• **Dataset excerpts**:

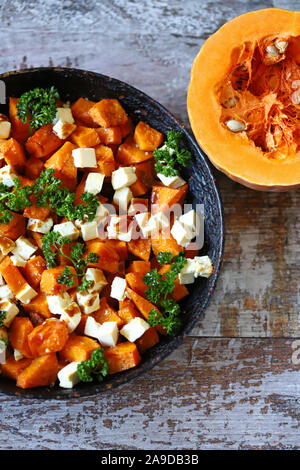 Citrouille cuite au four avec salade et fromage feta. Salade de grâce. Salade d'automne keto. Régime céto. Focus sélectif. Macro. Banque D'Images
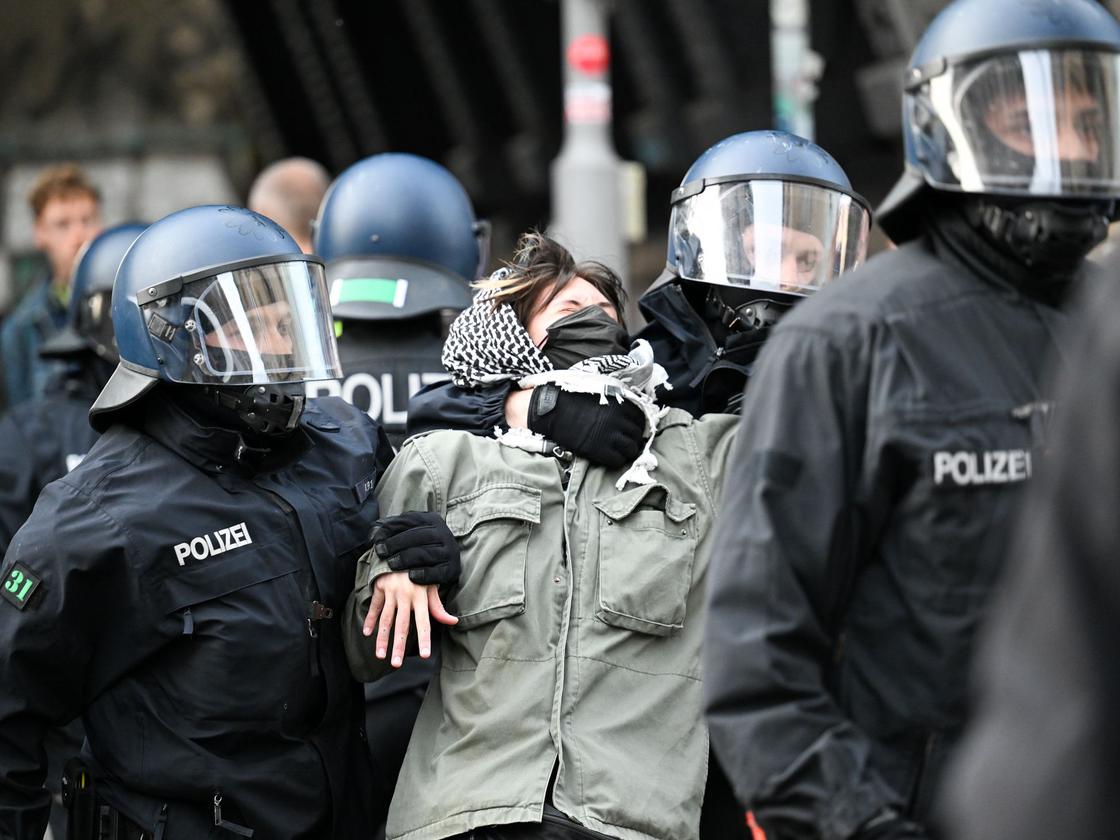 Proteste an Hochschulen: Offener Brief an Wegner: Einsatz an Humboldt-Uni  aufklären | DIE ZEIT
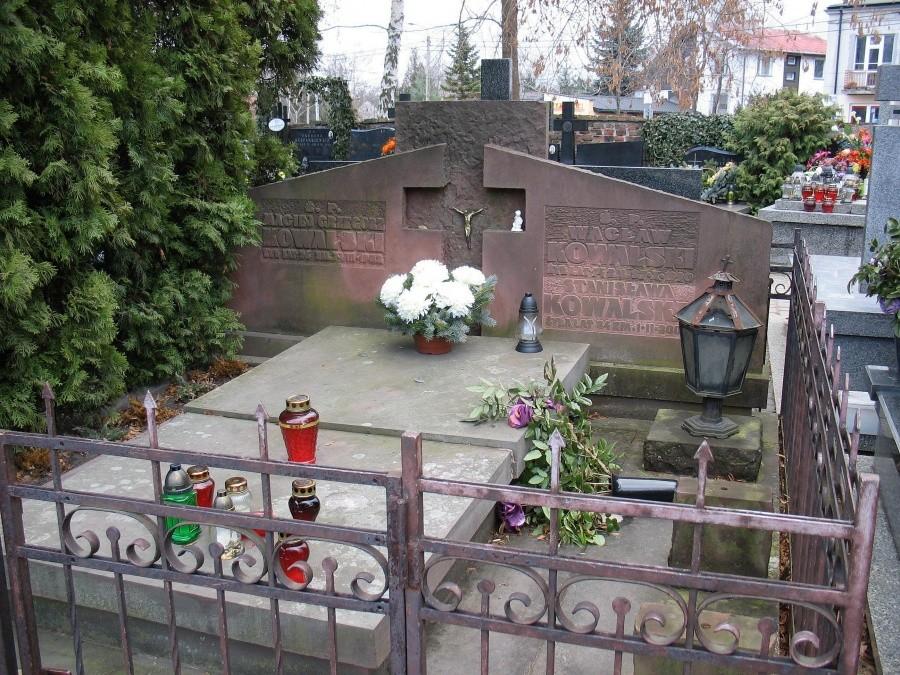 Cmentarz brwinowski - grób aktora Wacława Kowalskiego
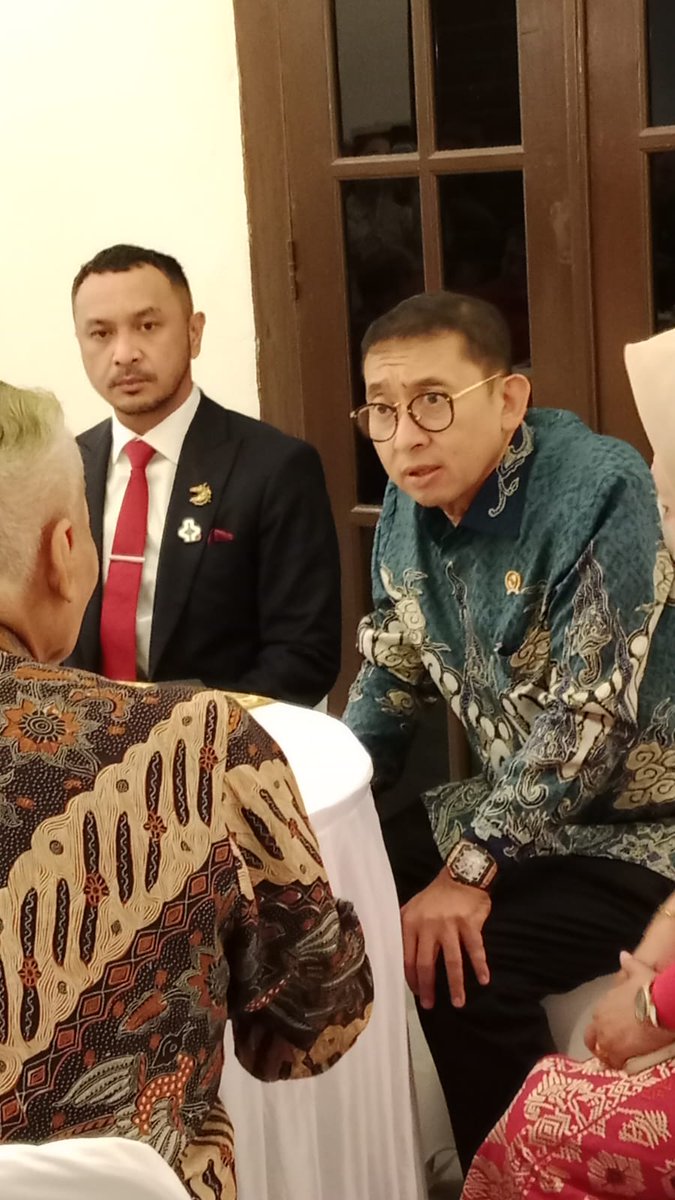 bang2's tweet photo. @SoundOfYogi wakilnya jangan dilupain dong https://t.co/RnorDr1egY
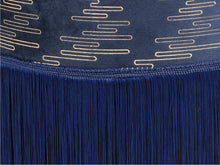 Cargar imagen en el visor de la galería, Puf de terciopelo azul con flecos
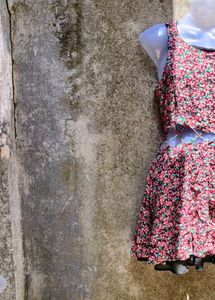 I. CUTE FLORAL DRESS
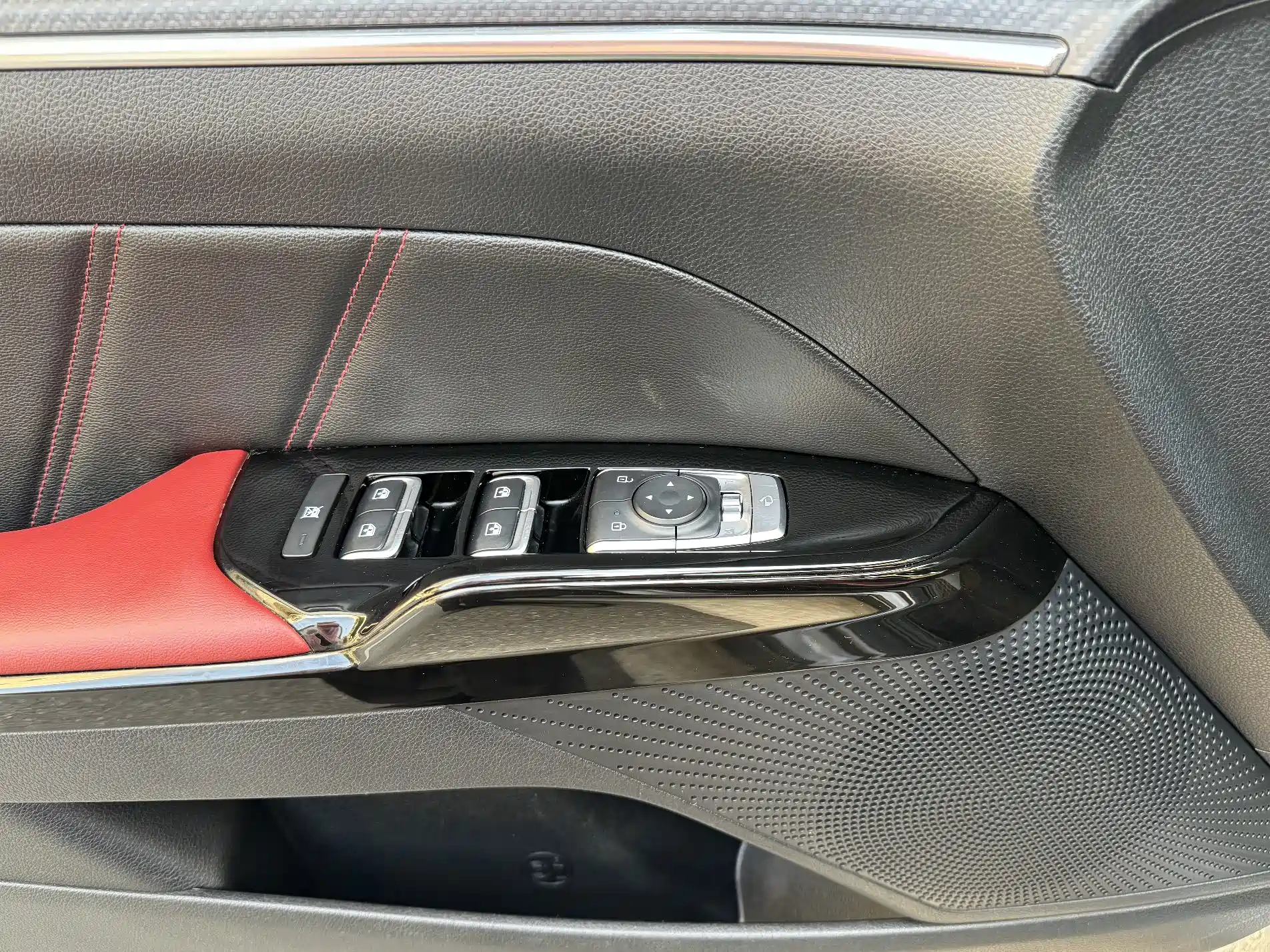 Photo 8 - Kia K5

• **Assignment**: Transcribe every entry exactly, omitting pictures.

• **Problem solution**:
 Citrouille cuite au four avec salade et fromage feta. Salade de grâce. Salade d'automne keto. Régime céto. Focus sélectif. Macro. Banque D'Images
 Proteste an Hochschulen: Offener Brief an Wegner: Einsatz an Humboldt-Uni  aufklären | DIE ZEIT
 Cmentarz brwinowski - grób aktora Wacława Kowalskiego
 bang2's tweet photo. @SoundOfYogi wakilnya jangan dilupain dong https://t.co/RnorDr1egY
 Cargar imagen en el visor de la galería, Puf de terciopelo azul con flecos
 I. CUTE FLORAL DRESS
 Photo 8 - Kia K5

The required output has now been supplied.